What is a Civil Funeral?
A civil funeral is one that is 'driven by the wishes, beliefs and values of the deceased and their family, not by the beliefs and ideology of the person conducting the funeral'. This concept originated with IoCF as the first celebrant organisation in the UK. It was defined for us by Professor Tony Walter, Centre Director of the Centre for Death and Society at Bath University.
That means you and your loved one can have anything in the ceremony that makes its completely unique and personal. The civil celebrant may advise and suggest but they do not have expectations about the way the ceremony will be.
The ceremony is created using whatever feels right for you and may include:
- symbolic acts of remembrance.
It is your choice whether to have prayers and hymns or none.
You can have a civil funeral ceremony for either a cremation or a burial. To make it completely personal, you can choose from any suitable location, not just a chapel or cemetery as can be seen by the photo above showing one of our celebrants about to conduct a green burial of an avid biker.
When you choose to have a civil funeral you ensure that this final life event focuses entirely on your loved one with a style and tone appropriate to them.
Arranging a Civil Funeral
Your funeral director may recommend a civil celebrant (also known as life celebrant) or you may choose one yourself. Either way, find out something about them, in particular their training and qualification. Celebrancy is unregulated and anyone can call themselves a celebrant even if they have no training.
All IoCF members hold the highest qualification - the Level 3 Diploma in Funeral Celebrancy - and are regularly reviewed. You can be sure of their professionalism.
A good celebrant spends time getting to know you and finding out about the person who has died.

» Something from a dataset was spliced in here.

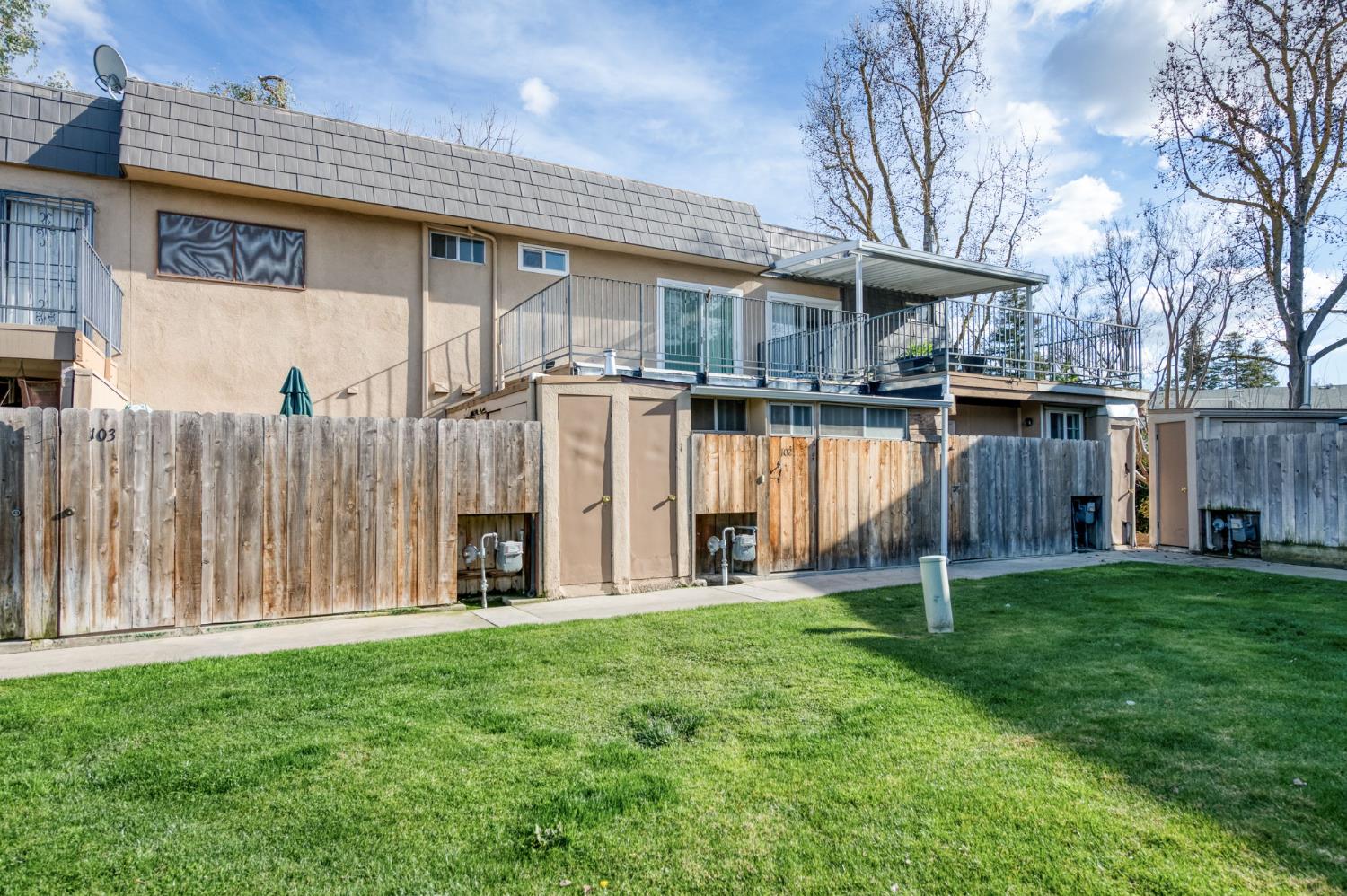 5118 E Ashlan Ave #102, Fresno, CA 93727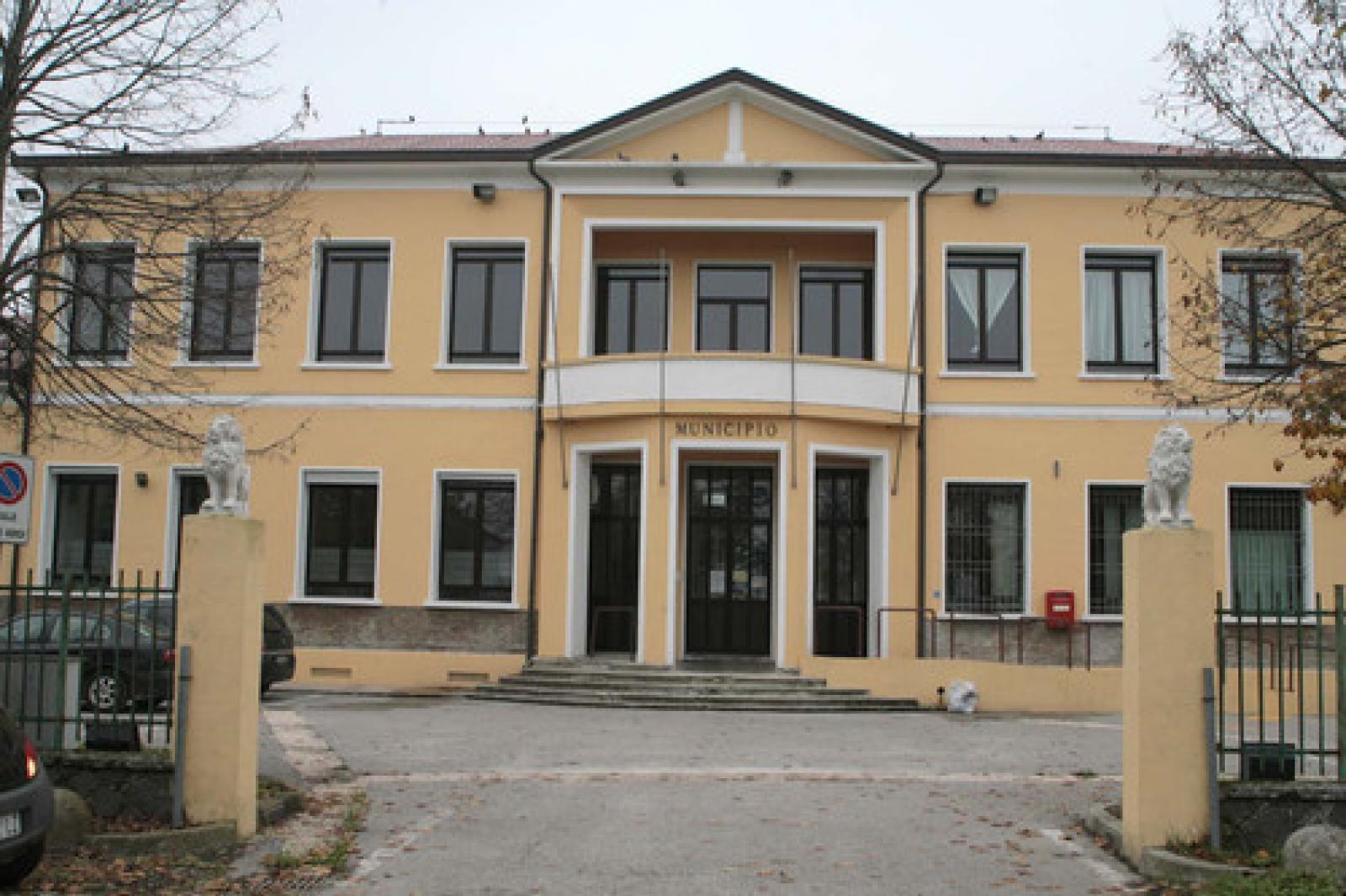 Un debito di 100mila euro con Ecoambiente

They will:
- ask about the style and tone that you would like for the ceremony;
- discuss music, readings, symbolic acts of remembrance and any other personal elements;
- talk about ways of including people who would like to take an active role in the ceremony by speaking, reading, singing or playing;
- find out about the person who has died; a good celebrant will ask for stories and memories and key events that capture the essence of the person you love;
- invite contributions from other people who know your loved one to get the broadest possible insight into their life.
These discussions will help the celebrant write a draft for the ceremony. Always choose a celebrant who says that they will send you a full script and allow you to make as many amendments as needed to ensure you are completely satisfied.
Celebrants are self employed and work with, rather than for, individual funeral directors. However, they will liaise throughout with your chosen funeral director.
On the day of the funeral, the celebrant leads the ceremony, ensuring it runs smoothly and to time, allowing you and your family and friends to say goodbye with love and respect.
IoCF celebrants are also trained to help you prepare ceremonies for the scattering of ashes, for interment and for memorial services.
Planning a Funeral in Advance
It can be very comforting for your family to know that you have planned your funeral ceremony in advance as it means they can be sure of fulfilling your last wishes.
You may be surprised to learn that many people who plan their own funeral say that they too find it comforting. It is an opportunity to look back on your life and ensure that the ceremony captures the events and stories that you want remembered.
The process is similar to the arrangement of any other civil funeral. The difference is that you contact your chosen celebrant directly and they will then have most of the discussions with you personally.
We recommend that, once you have approved the draft, you let your executors and close family members know where they can find a copy. When you work with one of our celebrants your ceremony can be stored securely online by the institute free of charge.
Let your family that, when the time comes, they should check when the celebrant is available before finalising a date and time for the ceremony.
When you use an IoCF celebrant, the IoCF can support you in finding another member to deliver the ceremony itself if necessary.